↓↓↓

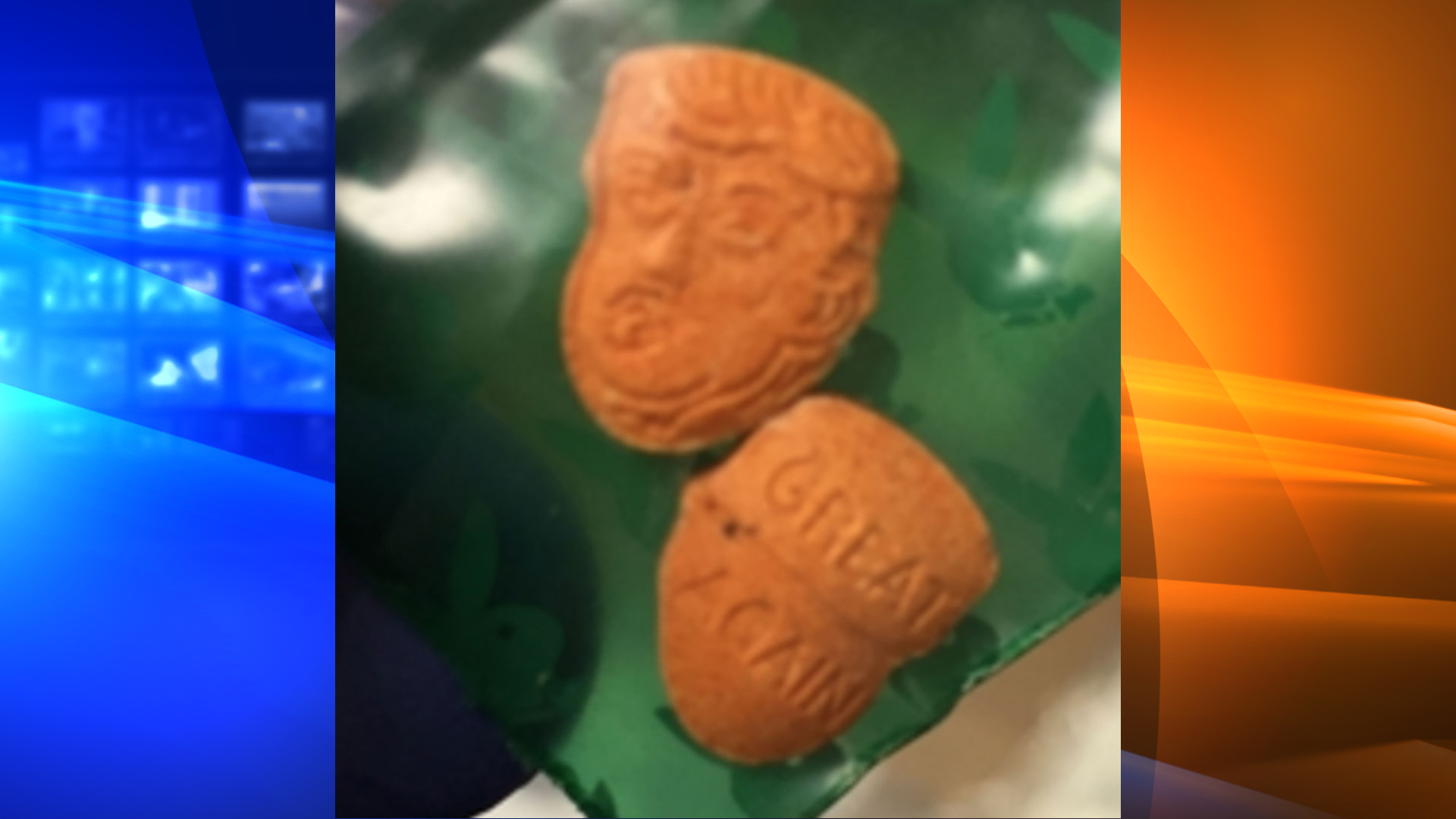 Indiana State Police released this photo of the pills they seized in 2018.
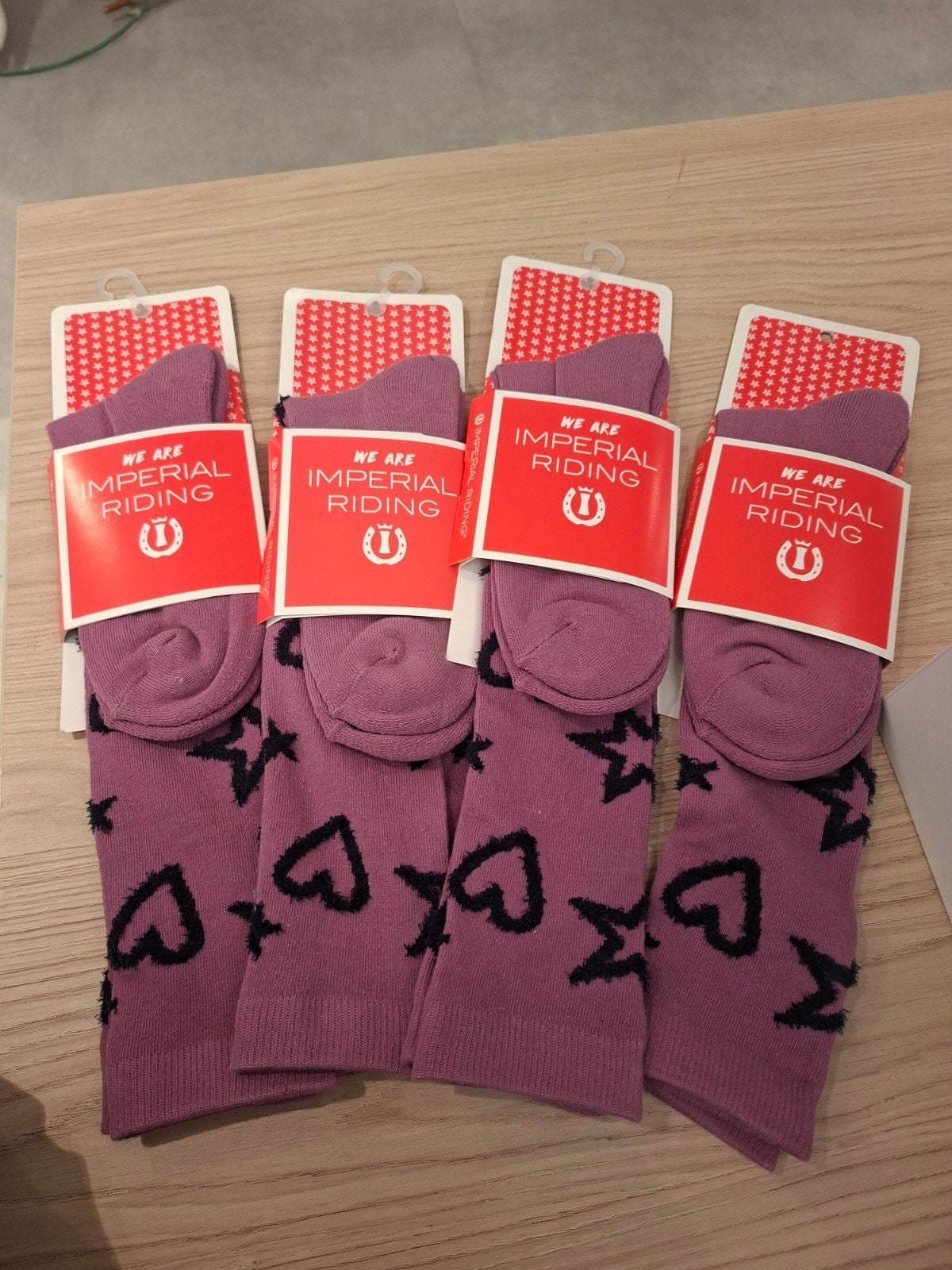 Imperial Riding Sokken Cosy Hearths - Maat 39-42, Sokken en Kniesokken, Imperial Riding Holland BV, Nieuw, Ophalen of Verzenden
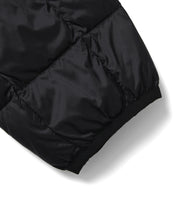 Oversized Crew Neck Button Down Jacket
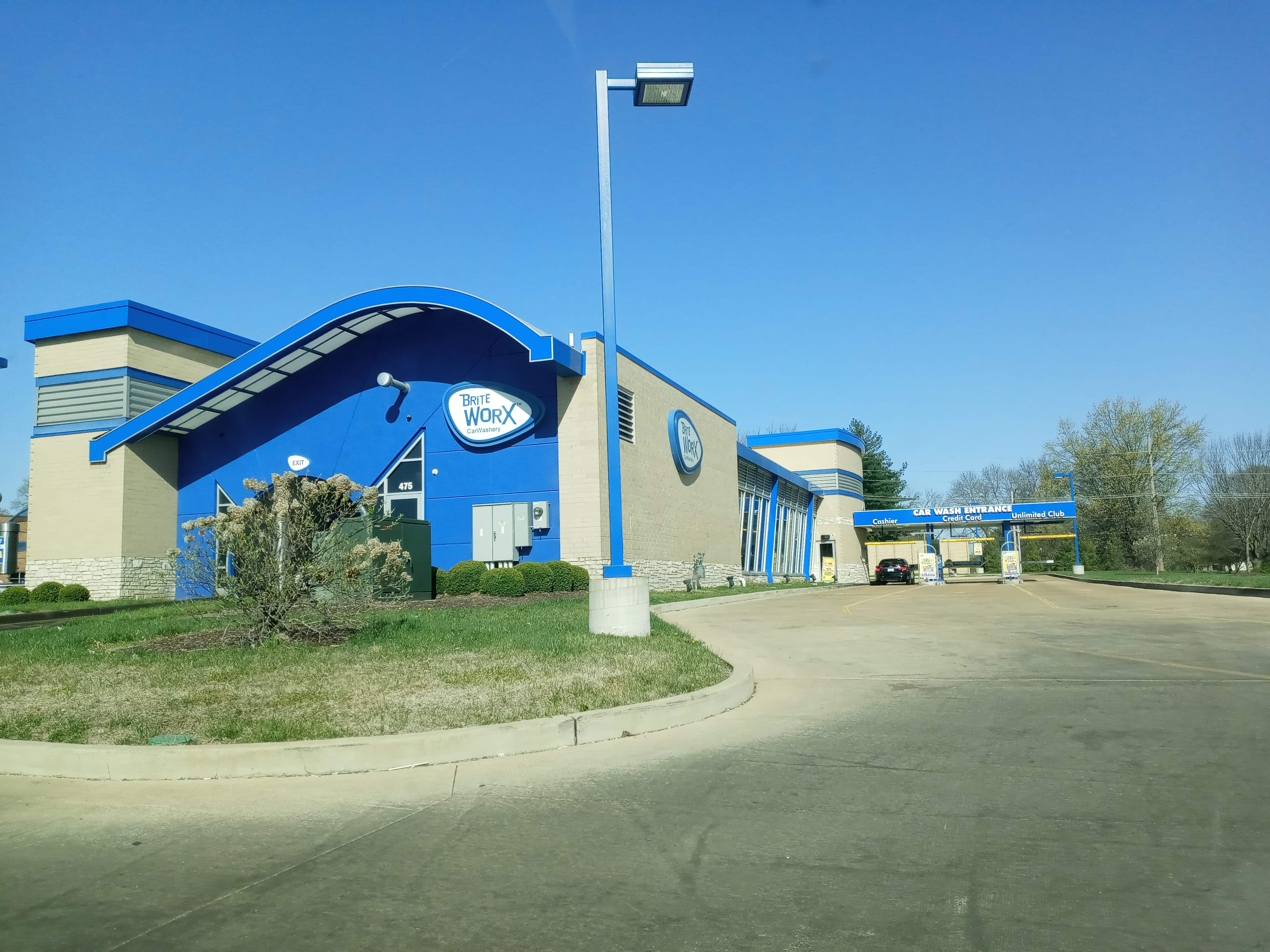 Brite Worx Car Washery - Florissant, MO, US, self service car wash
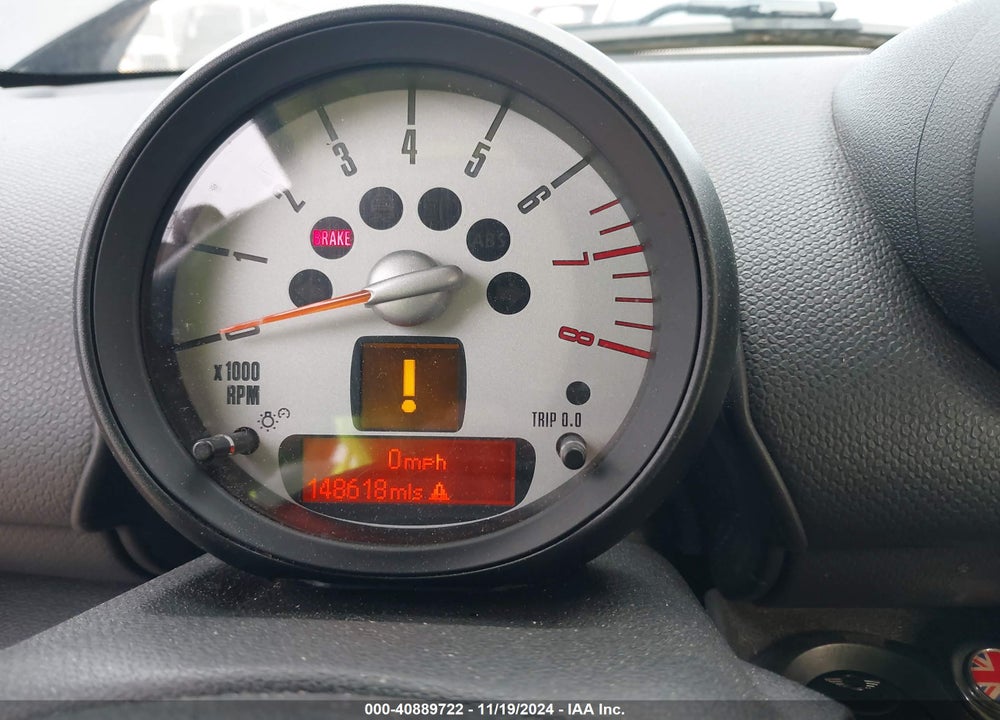 2013 MINI COUNTRYMAN COOPER S VIN: WMWZC5C57DWM15500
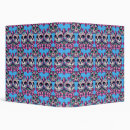 Search for skull pattern binders Colourful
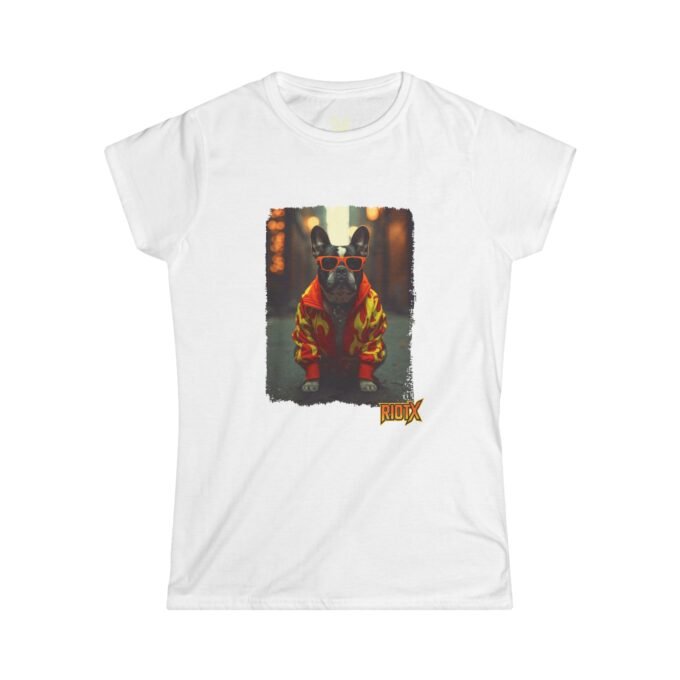 Punky Frenchie RiotX Woman Tee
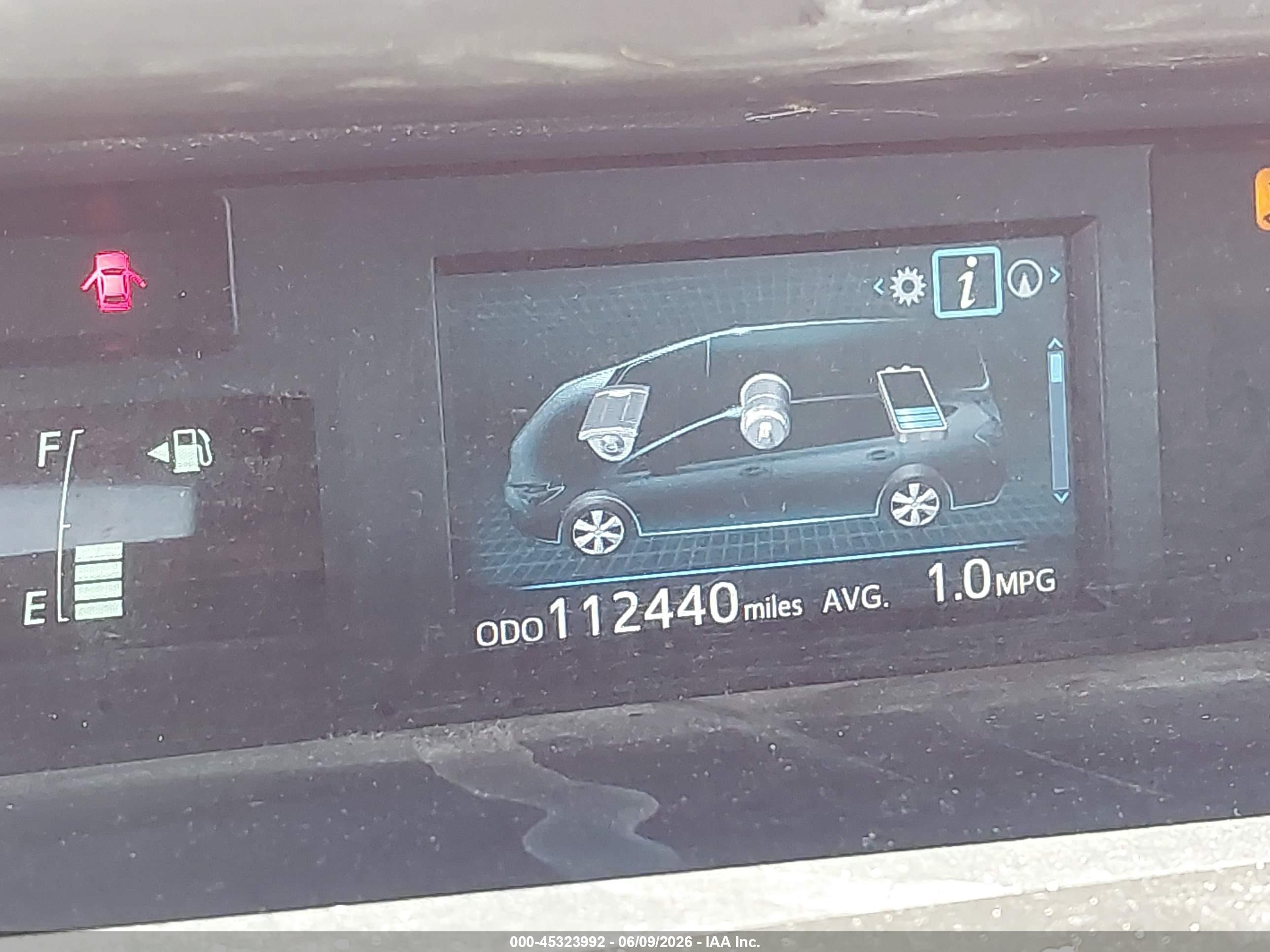 2015 Toyota Prius V Three Красный vin: JTDZN3EU0FJ030480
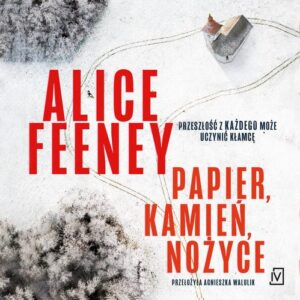Okładka: Papier, kamień, nożyce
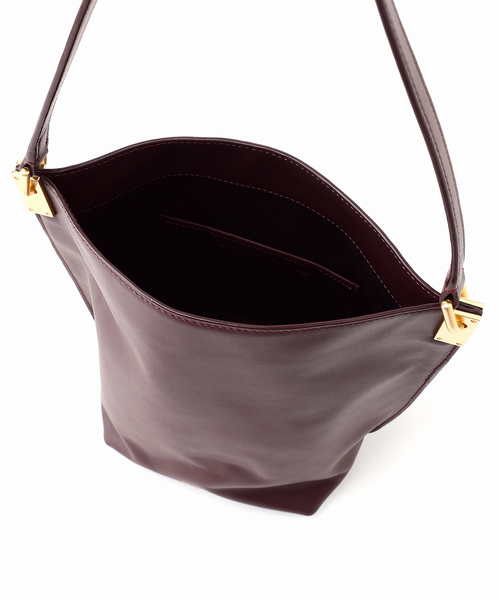 ORSETTO（オルセット）の「ORSETTO オルセット ONE-SHOULDER BAG RACCOLTO 1503250006（ショルダーバッグ・レディース・アイボリー/バーガンディー/ボルドー・FREE）」の14枚目の写真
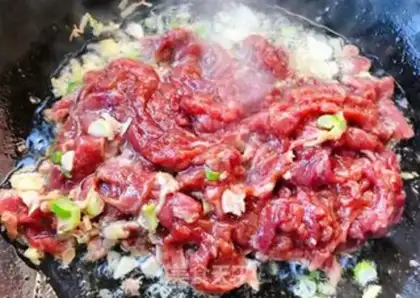 Make Time beef step 5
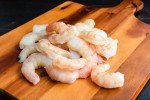 New York Steak & Seafood Wild-Сaught Shrimp - Frozen Fresh Wild-caught Shrimp - Wild Caught Uncooked Shrimp - 64 oz. Jumbo (approx. 80 Shrimps) Tail On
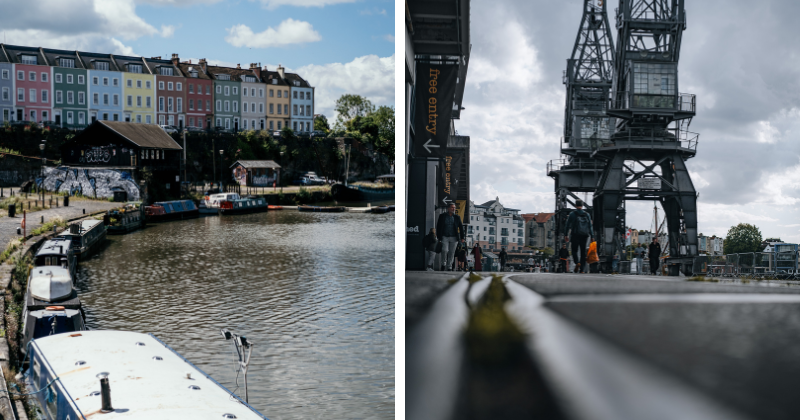 Bristol harbour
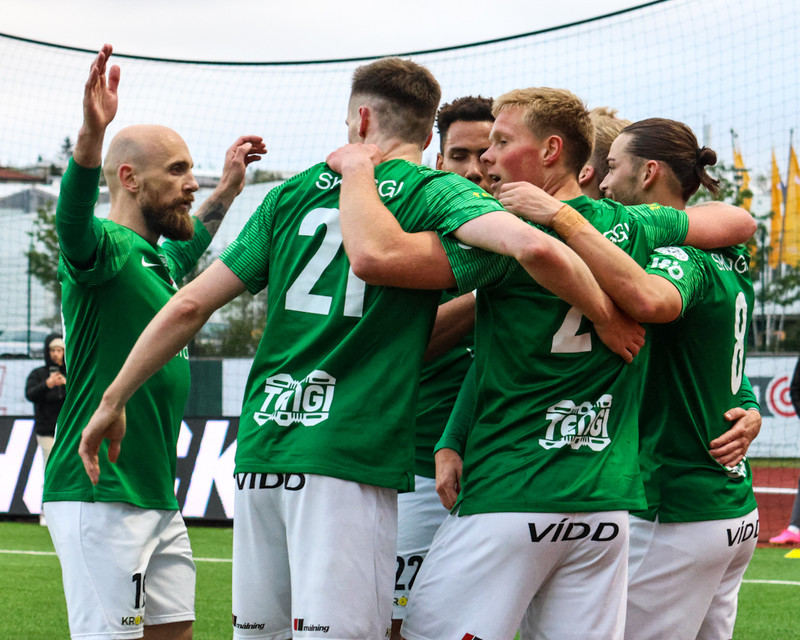 'Hugarfarið og fjölskyldu kúltúrinn í félaginu var mjög góður grunnur að árangri.'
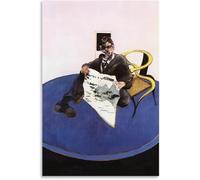 DDSEW GREWT Francis Bacon Posters Vintage Abstract Figure Canvas Painting Modern Wall Art Francis Bacon Prints For Living Room Decor Picture 50x70cm No Frame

↑↑↑

ASSIGNMENT -> Please quote the records above exactly, beginning at the line that contains "2015 Toyota Prius" and ending at their last line. Leave the pictures out.

SOLUTION BELOW ->
 2015 Toyota Prius V Three Красный vin: JTDZN3EU0FJ030480
Okładka: Papier, kamień, nożyce
 ORSETTO（オルセット）の「ORSETTO オルセット ONE-SHOULDER BAG RACCOLTO 1503250006（ショルダーバッグ・レディース・アイボリー/バーガンディー/ボルドー・FREE）」の14枚目の写真
 Make Time beef step 5
 New York Steak & Seafood Wild-Сaught Shrimp - Frozen Fresh Wild-caught Shrimp - Wild Caught Uncooked Shrimp - 64 oz. Jumbo (approx. 80 Shrimps) Tail On
 Bristol harbour
 'Hugarfarið og fjölskyldu kúltúrinn í félaginu var mjög góður grunnur að árangri.'
 DDSEW GREWT Francis Bacon Posters Vintage Abstract Figure Canvas Painting Modern Wall Art Francis Bacon Prints For Living Room Decor Picture 50x70cm No Frame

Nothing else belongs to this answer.